Deep Dict: Deep Learning-based Lossy Time Series Compressor for IoT Data
Jinxin Liu, Petar Djukic, Michel Kulhandjian, Burak Kantarci
TL;DR
Deep Dict tackles lossy time-series compression for IoT data by learning Bernoulli latent representations through a Bernoulli transformer autoencoder (BTAE) and enforcing a distortion bound via uniform residual quantization. It introduces quantized entropy loss (QEL) to minimize the entropy of the quantized residual and thus the encoded size, while employing an entropy coder to achieve efficient transmission. The architecture leverages a transformer-based decoder with relative positional encoding and supports transfer learning to accelerate deployment. Across ten datasets, Deep Dict achieves up to 53.66% improvement over state-of-the-art compressors, with pronounced gains on longer time series, indicating strong practical potential for reducing IoT data bandwidth and storage requirements.
Abstract
We propose Deep Dict, a deep learning-based lossy time series compressor designed to achieve a high compression ratio while maintaining decompression error within a predefined range. Deep Dict incorporates two essential components: the Bernoulli transformer autoencoder (BTAE) and a distortion constraint.

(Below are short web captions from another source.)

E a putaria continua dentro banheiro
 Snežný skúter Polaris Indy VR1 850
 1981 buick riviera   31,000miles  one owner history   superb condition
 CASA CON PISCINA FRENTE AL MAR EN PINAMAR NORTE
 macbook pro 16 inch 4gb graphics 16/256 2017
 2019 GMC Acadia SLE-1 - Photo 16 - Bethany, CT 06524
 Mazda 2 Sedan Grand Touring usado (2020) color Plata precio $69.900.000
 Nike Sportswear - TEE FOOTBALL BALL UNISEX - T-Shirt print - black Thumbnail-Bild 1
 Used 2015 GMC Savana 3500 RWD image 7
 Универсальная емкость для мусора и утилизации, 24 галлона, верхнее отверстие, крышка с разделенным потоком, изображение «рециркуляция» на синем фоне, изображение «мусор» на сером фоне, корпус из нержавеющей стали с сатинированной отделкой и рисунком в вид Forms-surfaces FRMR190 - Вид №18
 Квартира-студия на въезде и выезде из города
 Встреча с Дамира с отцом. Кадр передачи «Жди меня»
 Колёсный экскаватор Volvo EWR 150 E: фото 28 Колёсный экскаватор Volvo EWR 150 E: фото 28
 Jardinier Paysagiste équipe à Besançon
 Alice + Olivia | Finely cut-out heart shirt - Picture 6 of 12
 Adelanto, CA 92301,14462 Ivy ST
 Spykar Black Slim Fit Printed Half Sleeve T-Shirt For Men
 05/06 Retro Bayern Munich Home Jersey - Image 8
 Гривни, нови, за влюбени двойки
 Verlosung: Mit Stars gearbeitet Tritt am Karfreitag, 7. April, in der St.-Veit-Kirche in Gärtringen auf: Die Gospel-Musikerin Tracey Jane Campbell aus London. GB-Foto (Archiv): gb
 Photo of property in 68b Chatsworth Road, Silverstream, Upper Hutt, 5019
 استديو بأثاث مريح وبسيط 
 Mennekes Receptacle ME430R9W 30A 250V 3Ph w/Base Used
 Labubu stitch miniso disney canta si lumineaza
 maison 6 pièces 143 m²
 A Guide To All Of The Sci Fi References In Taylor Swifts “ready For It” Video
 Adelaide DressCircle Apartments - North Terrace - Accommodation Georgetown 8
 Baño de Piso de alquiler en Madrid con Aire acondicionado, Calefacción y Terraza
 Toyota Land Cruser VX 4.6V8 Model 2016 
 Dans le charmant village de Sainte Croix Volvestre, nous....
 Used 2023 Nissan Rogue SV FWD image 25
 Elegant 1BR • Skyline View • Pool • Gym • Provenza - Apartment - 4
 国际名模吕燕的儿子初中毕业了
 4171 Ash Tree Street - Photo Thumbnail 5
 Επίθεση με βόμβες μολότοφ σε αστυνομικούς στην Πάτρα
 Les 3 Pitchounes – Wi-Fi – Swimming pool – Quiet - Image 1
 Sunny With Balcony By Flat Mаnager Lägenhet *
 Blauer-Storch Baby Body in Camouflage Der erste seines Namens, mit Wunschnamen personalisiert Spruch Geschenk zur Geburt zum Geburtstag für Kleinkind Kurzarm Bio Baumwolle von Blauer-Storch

BTAE extracts Bernoulli representations from time series data, reducing the size of the representations compared to conventional autoencoders. The distortion constraint limits the prediction error of BTAE to the desired range. Moreover, in order to address the limitations of common regression losses such as L1/L2, we introduce a novel loss function called quantized entropy loss (QEL). QEL takes into account the specific characteristics of the problem, enhancing robustness to outliers and alleviating optimization challenges. Our evaluation of Deep Dict across ten diverse time series datasets from various domains reveals that Deep Dict outperforms state-of-the-art lossy compressors in terms of compression ratio by a significant margin by up to 53.66%.